Les listes chronologiques sont des reconstitutions. Par exemple, certaines tables donnent Al-Alaq comme première révélation, alors qu’elle porte le numéro 96 dans l’ordre traditionnel. De même, Al-Fatiha est souvent placée au rang 5 dans les tableaux de révélation, tout en ouvrant le Coran imprimé.
Ces reconstitutions restent discutées. Wikipédia résume ce point en indiquant que l’ordre chronologique exact demeure en partie inaccessible. Le lecteur doit donc utiliser ces listes comme des outils d’étude, non comme un équivalent de l’ordre canonique du mushaf. Pour aller plus loin, la distinction entre sourates mecquoises et médinoises apporte un autre repère historique solide.
Quelles sourates sont mecquoises et quelles sont médinoises ?
Les sourates sont classées en deux grands ensembles, mecquoises et médinoises, selon le contexte de révélation associé à La Mecque ou à Médine. Cette distinction ne modifie pas le nombre total de 114, mais elle aide à comprendre les thèmes, le style et la période de composition.
Les tables de Tafsir Ibn Kathir donnent pour chaque sourate son numéro dans le Coran, son ordre de révélation estimé, son type et son nombre de versets. Quelques exemples suffisent à montrer l’écart entre ordre imprimé et ordre historique : Al-Fatiha est indiquée comme mecquoise et 5e dans l’ordre de révélation, alors qu’Al-Baqarah est médinoise et 87e dans cet ordre.
At-Tawba, sourate 9, est généralement classée comme médinoise et placée au rang 113 dans certains tableaux de révélation. Ar-Ra’d, sourate 13, y apparaît aussi comme médinoise avec 43 versets. Ces indications servent de repères pratiques, mais certains cas restent débattus dans la littérature spécialisée. Pour aller plus loin, il convient d’examiner les variantes de décompte selon les traditions.
Existe-t-il des variantes dans le nombre de sourates selon les traditions ?

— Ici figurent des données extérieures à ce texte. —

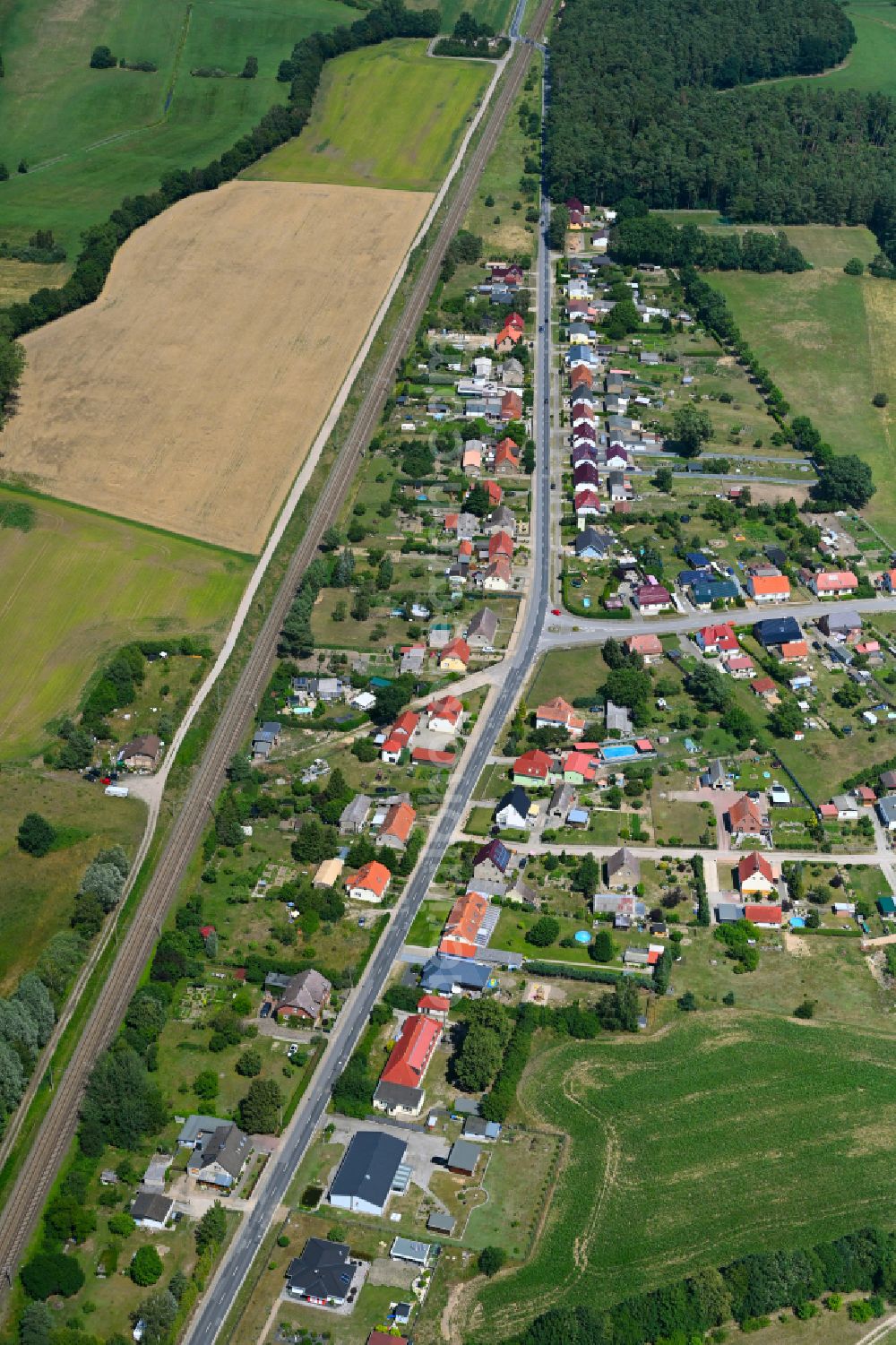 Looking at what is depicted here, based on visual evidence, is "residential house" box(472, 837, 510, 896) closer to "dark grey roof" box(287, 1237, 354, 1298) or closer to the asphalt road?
the asphalt road

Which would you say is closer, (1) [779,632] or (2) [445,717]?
(2) [445,717]

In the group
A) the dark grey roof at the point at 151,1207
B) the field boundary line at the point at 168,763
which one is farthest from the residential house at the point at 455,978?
the dark grey roof at the point at 151,1207

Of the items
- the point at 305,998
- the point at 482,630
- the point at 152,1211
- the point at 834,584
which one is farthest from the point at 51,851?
the point at 834,584

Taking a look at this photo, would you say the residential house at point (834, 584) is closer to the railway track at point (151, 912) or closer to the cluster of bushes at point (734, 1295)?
the railway track at point (151, 912)

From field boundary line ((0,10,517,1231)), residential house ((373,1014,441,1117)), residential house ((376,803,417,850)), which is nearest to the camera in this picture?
residential house ((373,1014,441,1117))

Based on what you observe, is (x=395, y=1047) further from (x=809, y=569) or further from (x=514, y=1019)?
(x=809, y=569)

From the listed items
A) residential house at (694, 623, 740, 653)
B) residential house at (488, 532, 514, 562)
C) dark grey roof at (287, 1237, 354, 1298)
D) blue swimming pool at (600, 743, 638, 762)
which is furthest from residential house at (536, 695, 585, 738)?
dark grey roof at (287, 1237, 354, 1298)

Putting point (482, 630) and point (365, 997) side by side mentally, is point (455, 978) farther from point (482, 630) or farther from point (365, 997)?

Dans l’usage courant, la réponse reste 114. Des discussions existent toutefois autour de la basmala, du statut de certains repères textuels et du décompte des versets selon les écoles de lecture. Ces nuances expliquent pourquoi certains lecteurs rencontrent ponctuellement d’autres chiffres ou formulations.
Les variantes ne conduisent pas, dans la pratique générale, à une nouvelle liste canonique de sourates. Elles concernent surtout le découpage, la numérotation ou l’interprétation de cas particuliers. Pour aller plus loin, deux points concentrent l’essentiel des questions : la sourate At-Tawba et les différences de numérotation des versets.

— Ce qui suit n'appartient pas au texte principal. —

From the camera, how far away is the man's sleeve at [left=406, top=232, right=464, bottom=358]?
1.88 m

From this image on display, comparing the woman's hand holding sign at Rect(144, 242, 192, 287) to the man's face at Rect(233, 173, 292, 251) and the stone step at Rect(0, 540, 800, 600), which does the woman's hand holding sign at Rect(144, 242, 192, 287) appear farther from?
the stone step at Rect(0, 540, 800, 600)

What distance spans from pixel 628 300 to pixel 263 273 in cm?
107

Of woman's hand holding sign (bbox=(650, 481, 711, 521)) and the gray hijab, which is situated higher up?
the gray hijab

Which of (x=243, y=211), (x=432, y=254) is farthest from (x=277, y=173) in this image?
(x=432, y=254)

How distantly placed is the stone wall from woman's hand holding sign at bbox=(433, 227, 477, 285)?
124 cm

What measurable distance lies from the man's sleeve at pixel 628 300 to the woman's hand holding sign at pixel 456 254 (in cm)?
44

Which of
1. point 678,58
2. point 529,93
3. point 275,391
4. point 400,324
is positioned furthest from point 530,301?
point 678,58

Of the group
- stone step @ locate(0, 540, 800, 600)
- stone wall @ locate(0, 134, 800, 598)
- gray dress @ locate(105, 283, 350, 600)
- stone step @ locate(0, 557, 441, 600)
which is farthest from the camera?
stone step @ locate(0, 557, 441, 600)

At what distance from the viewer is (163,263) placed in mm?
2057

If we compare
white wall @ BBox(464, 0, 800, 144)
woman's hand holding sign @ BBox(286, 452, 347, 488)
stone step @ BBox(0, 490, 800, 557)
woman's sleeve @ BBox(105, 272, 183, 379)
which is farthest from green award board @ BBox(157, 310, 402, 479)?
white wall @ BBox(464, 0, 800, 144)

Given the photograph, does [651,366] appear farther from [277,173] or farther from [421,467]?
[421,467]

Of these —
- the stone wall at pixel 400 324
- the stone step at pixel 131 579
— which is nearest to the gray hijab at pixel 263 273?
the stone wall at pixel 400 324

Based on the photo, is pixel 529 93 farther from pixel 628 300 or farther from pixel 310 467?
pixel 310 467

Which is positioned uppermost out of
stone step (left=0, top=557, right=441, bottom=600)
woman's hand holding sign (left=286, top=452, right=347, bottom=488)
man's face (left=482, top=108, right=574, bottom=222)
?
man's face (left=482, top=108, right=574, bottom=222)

Pourquoi la sourate at tawba n’est-elle pas précédée de la basmala ?
Dans la présentation habituelle du texte, 113 sourates commencent par la basmala. La sourate 9, At-Tawba, constitue l’exception la plus souvent mentionnée. La formule « Bismillah ir-rahman ir-rahim » compte 4 mots et 19 lettres selon les données de sourates.fr.
Ce cas a alimenté des discussions anciennes et contemporaines. Certains ont soutenu qu’en l’absence de basmala, At-Tawba pouvait être liée à la sourate précédente. Cette lecture reste minoritaire dans l’usage commun, qui conserve le total de 114 sourates. Il faut aussi noter que la sourate 27, An-Naml, contient la basmala en tête et une seconde occurrence au verset 30. Pour aller plus loin, les éditions doivent aussi être comparées sur le nombre de versets.
Le nombre de versets change-t-il selon les éditions du coran ?
Le total le plus cité reste 6 236, mais le découpage des versets peut varier légèrement selon les traditions de lecture et les méthodes de numérotation. Les lectures Hafs et Warsh constituent les exemples les plus souvent évoqués dans les ressources pédagogiques.
Ces écarts ne changent pas le nombre canonique de 114 sourates. Ils concernent la manière de compter certains arrêts ou certaines séparations internes. Pour un usage courant, il est donc pertinent de retenir 114 sourates et 6 236 versets, tout en sachant que les éditions spécialisées peuvent présenter des différences techniques. Pour aller plus loin, les erreurs les plus fréquentes méritent un rappel rapide.
Le chiffre de 114 permet de répondre correctement à la question posée, mais il gagne à être replacé dans une structure plus large faite de versets, de catégories historiques et de conventions de lecture. Cette distinction évite les confusions les plus fréquentes et permet de mieux utiliser les listes, éditions et ressources de référence disponibles.